Kendine göre herkes haklı, kendine göre herkes kusursuz ve başarılı. Bu, bir boş avunmadır. Kimi zaman da savunmadır. Ama gerçekçi olmak, olumsuzluklarda yerini, payını unutmamaktır. Güç olsa da bu bir erdemliliktir.
Son zamanlarda karşılaşılan kimi durumların sorumluları büyük bir pişkinlikle aldırışsızlık içindeler. Hiçbir kötü sonucu üzerlerine almıyorlar. Federal Almanya Şansölyesi Angela MERKEL'in “Türkiye müttefikimiz ama dostumuz değil!” sözü dış ilişkilerdeki bozulmanın ilginç bir kanıtı.
Diyarbakır merkezde Sur İlçesi'nin “Dağkapı Meydanı”nın adı Şeyh Sait Meydanı yapılıyor, devlet uyuyor.
Teröristler yalnız güneydoğuda ve güneyde değil, başta İstanbul büyük kentlerde cirit atıyor, otobüslere saldırılıyor, yapım yerlerinde işverenlerin taşıtları yakılıyor, kentlerarası yollarda kimlik denetimi sürdürülüyor günlerce. Önleyen, engelleyen yok. Operasyonlardan sonuç yok.
Lice'ye terörist heykeli dikiliyor, taşkınlıklara girişiliyor, yetkililer, sorumlular bilgisiz. ATATÜRK heykellerine ve büstlerine saldırılıyor (önceleri fotoğrafları çöpe atılıyordu) yine kimsenin gerekenleri yaptığı yok. Avrupa Atatürkçü Düşünce Dernekleri Federasyonu Genel Başkanı Dursun ATILGAN'ın bu konuda bize ulaşan tepkisi iktidarı uyarıyor.
Ne kadar ağır. Şüpheli tutulan emniyet görevlilerinin alt sıradakiler tarafından ellerinin kelepçelenerek, başlarına bastırılarak taşıtlara bindirilip karakola ve adliyeye götürülmeleri.
Kimi bilim adamlarının, yazarların, gazetecilerin, milletvekillerinin, sanatçı bilinenlerin, devlet görevlilerinin RTE'ın buyruğunda kuyruk olmaları, ne kadar iç karartıcı.
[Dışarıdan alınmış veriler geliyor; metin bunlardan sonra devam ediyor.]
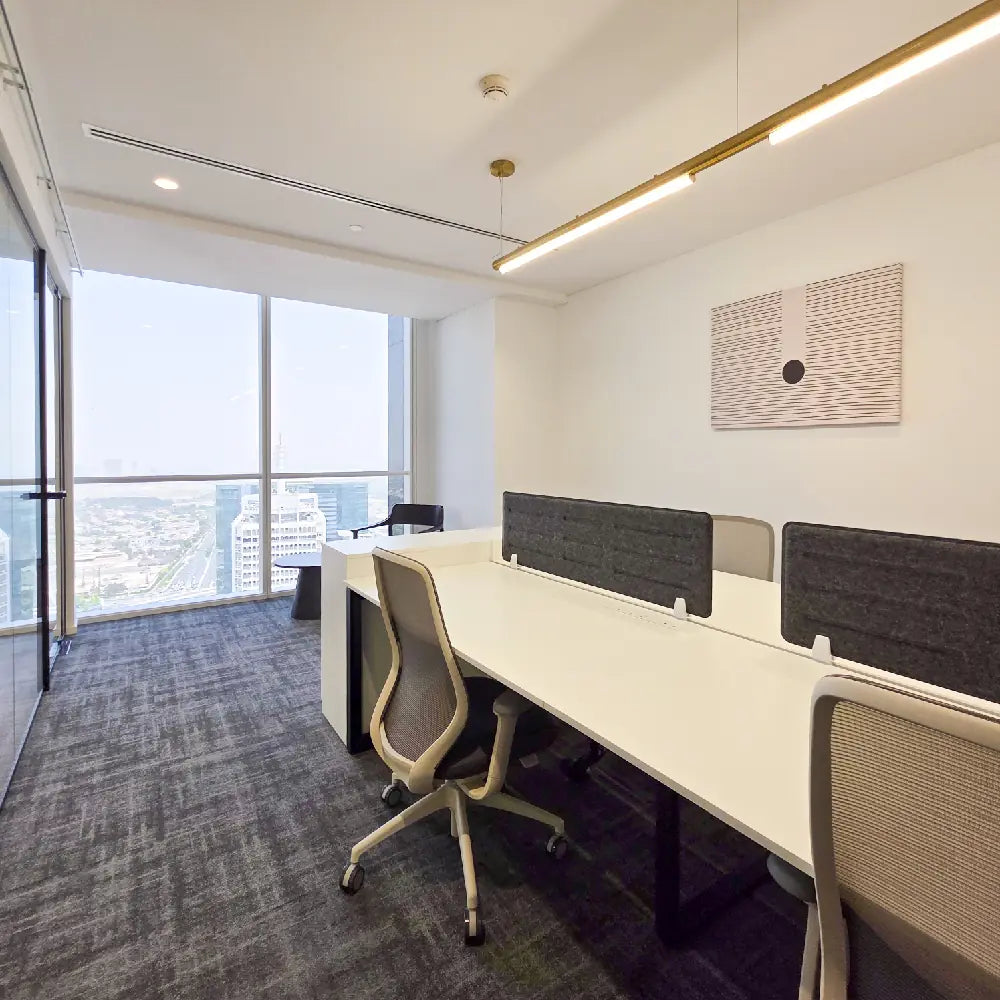 Private team office with skyline views and full-height glass partitioning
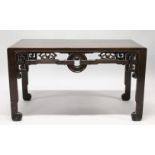 A VERY GOOD CHINESE RECTANGULAR LOW TABLE, POSSIBLY HUANGHUALI, with well carved pierced frieze,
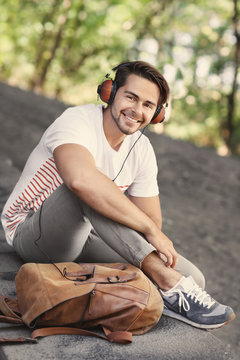 Handsome man with headphones listening music on street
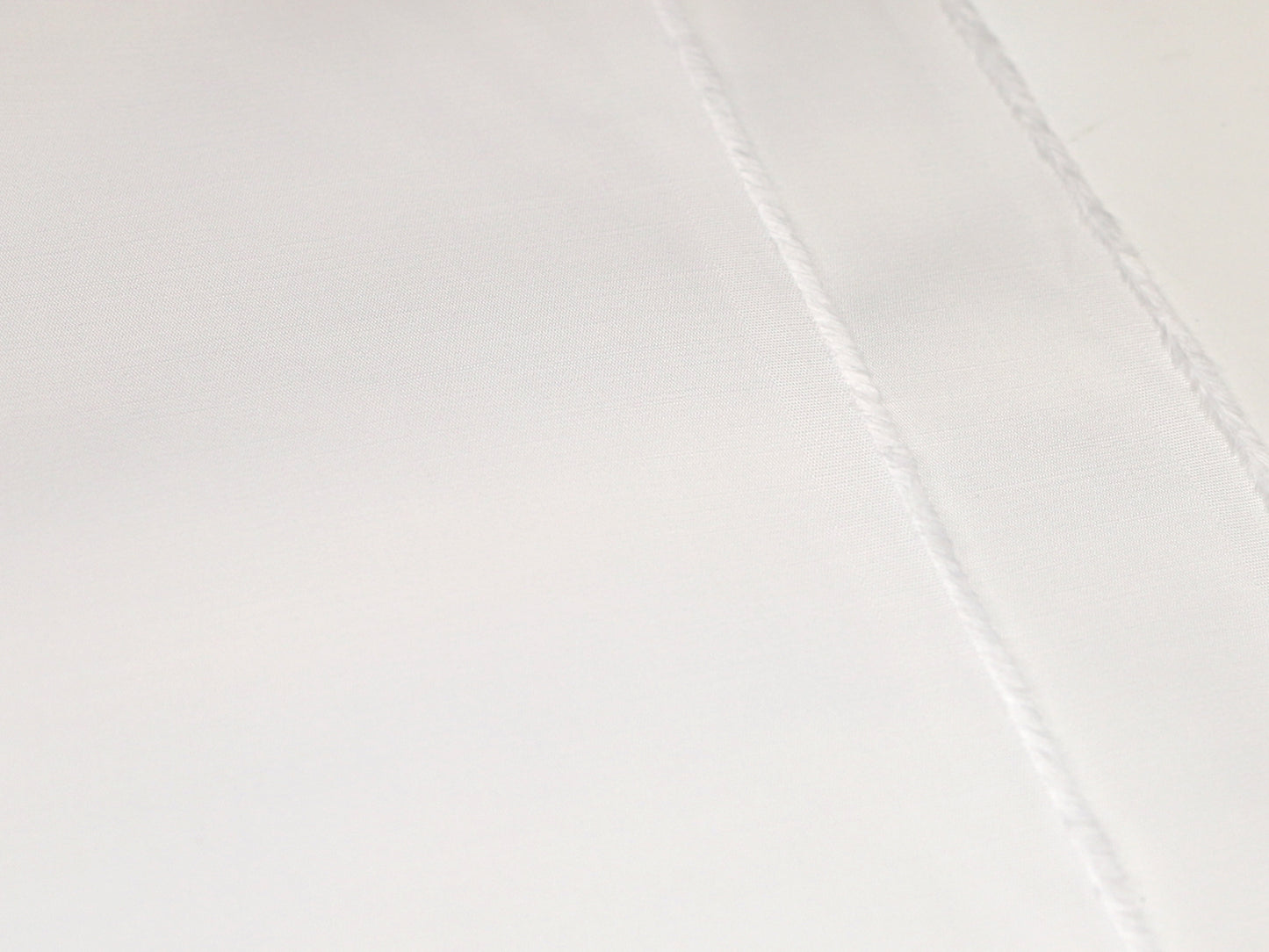 Fester, strukturierter Stoff in wollweiß, mit klarer Textur und feinen Nähte für hochwertige Anwendungen.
Tüm bu durumlar ve benzerleri iyi değerlendirilmeli gerçekçi davranılmalıdır. Emre KONGAR'ın Cumhuriyet'teki yazısının başlığı “Üniversitelerde Kuzuların Sessizliği” (22.8.2014) bir eleştiriyi anımsattı. “Kuzu olsa meler. Melemiyorlar bile”
“Gerçekleri konuşmaktan korkmayınız” ATATÜRK.
Gerçekçi olmanın onuru, erdemi ve yararı ölçülemez. Önceki cumhurbaşkanı A. Gül, vedâ konuşmasında “.. hukuka bağlı kalışından (!)” söz etmişti. Resmî Gazete ile Terazi adlı hukuk dergisinden tuttuğum notlara göre, döneminde, Anayasa Mahkemesi 300'e yakın iptal kararı verdi. Bunların 100'den fazlası cumhurbaşkanının onayladığı yasalara ilişkindi. RTE çuvala dönüştürülen torba yasayı Anayasa'nın 89. Maddesi'ndeki süreyi hiç kullanmadan yayıma göndermekle A. Gül'ü bir kez daha geride bıraktı. AKP içindeki hazırlıkların ve dayanışmanın yeni-taze örneği gelecek günlerde daha nice hukuksuzluklarla karşılaşacağımızın belirtisidir. Üstelik, bireysel başvuru kararları iptalin dışındadır.